Not really sure. But i think this is a drum. That's the 10th species I've pulled out of this same hole.


----------



## Ol' Whiskers (Aug 11, 2004)

white perch, not a true perch but that's what it's called


----------



## G-Patt (Sep 3, 2013)

Hookedafew said:


> Not really sure. But i think this is a drum. That's the 10th species I've pulled out of this same hole.
> View attachment 470999


That'd be a drum for sure, aka "Gaspergou," which is what I call it.


----------



## Hookedafew (Oct 7, 2019)

G-Patt said:


> That'd be a drum for sure, aka "Gaspergou," which is what I call it.


I thought it was because of the fins on the back. I told my wife when i got home i caught something very finny...lol. I looked it up pretty good. I was surprise to see that one had gotten this far up steam to the bullhead hole...wink, wink.


----------



## G-Patt (Sep 3, 2013)

Hookedafew said:


> I thought it was because of the fins on the back. I told my wife when i got home i caught something very finny...lol. I looked it up pretty good. I was surprise to see that one had gotten this far up steam to the bullhead hole...wink, wink.

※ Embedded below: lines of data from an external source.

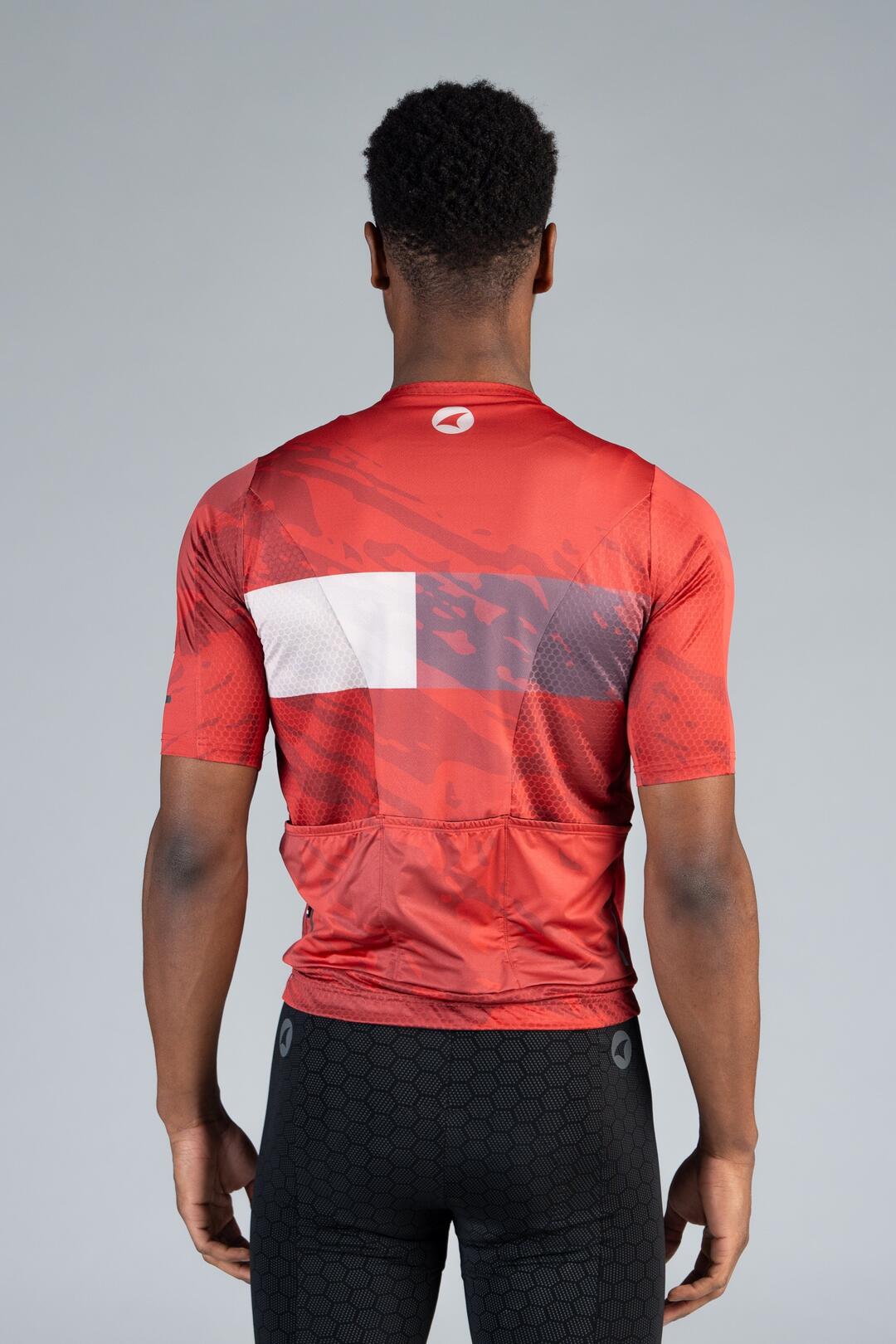 Men's Red Rock Stripe Summit Bike Jersey - Back View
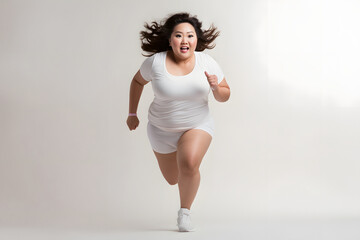 Overweight young adult Asian woman running on white background, concept of overweight and weight loss. Neural network generated image. Not based on any actual person or scene. - obrazy, fototapety, plakaty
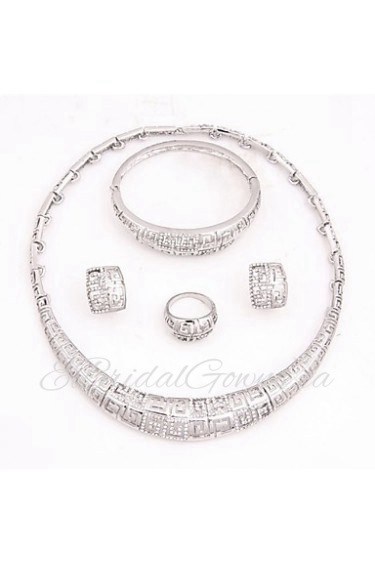 Classic Party Crystal Alloy Sliver Plated (Including Necklace, Earring, Bracelet, Ring) Jewelry Sets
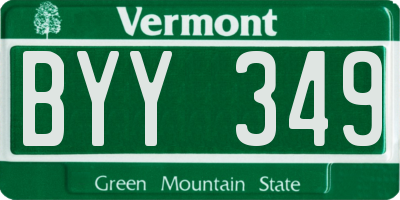 VT license plate BYY349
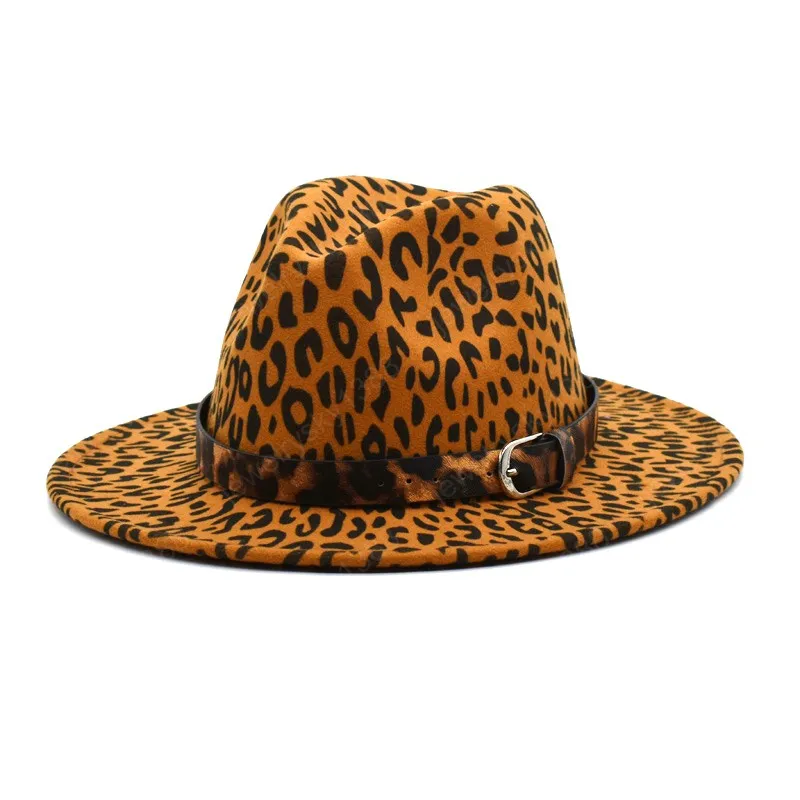 موضة جديدة فيدوراس قبعة المرأة ليوبارد طباعة واسعة بريم الجاز القبعات الصوف الرجال خمر رجل جاز أنيق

Those make excellent catfish bait by the way. I usually scale it and cut 2" wide x 4" long filet strips and fish it. Channel cat candy.


----------



## trailbreaker (Oct 11, 2008)

I went there nothing


----------



## Hookedafew (Oct 7, 2019)

I'm pretty sure you wasn't at my hole. The last timei went there and caught nothing was The beginning of March. Went today and got these...


----------



## Hookedafew (Oct 7, 2019)




----------



## Hookedafew (Oct 7, 2019)




----------



## Hookedafew (Oct 7, 2019)




----------



## Hookedafew (Oct 7, 2019)




----------



## Hookedafew (Oct 7, 2019)




----------



## Hookedafew (Oct 7, 2019)




----------



## trailbreaker (Oct 11, 2008)

Nice did you get those at the park you told me about


----------



## Hookedafew (Oct 7, 2019)

No. I said i started over there, a long time ago. I fish by the fair grounds. Everything I've caught on this thread was from my hole by the Hamilton county fair grounds. Good luck


----------



## trailbreaker (Oct 11, 2008)

Sometime we should meet up when the weather is nice


----------



## Hookedafew (Oct 7, 2019)

Took the wife down to the honey hole Friday morning. It was her first time fishing this year. And i was trying to get some pics in a fish bra. She caught her first green sunfish ever and i caught me another little whiper. Tits and fishing, don't get much better.


----------



## Hookedafew (Oct 7, 2019)




----------



## Hookedafew (Oct 7, 2019)

Went back yesterday evening. Didn't get much. But the bluegill are back in my spot. And this little carp is the first one I've caught in about 2 months.


----------



## Tree_Beard (Jan 13, 2021)

I’ve thought that looked like a good spot every time I drive by. On the upstream side of the grounds, by the highway overpass looks decent, but last time I went down there it was a homeless mega camp. Looked a bit too rough for my taste.


----------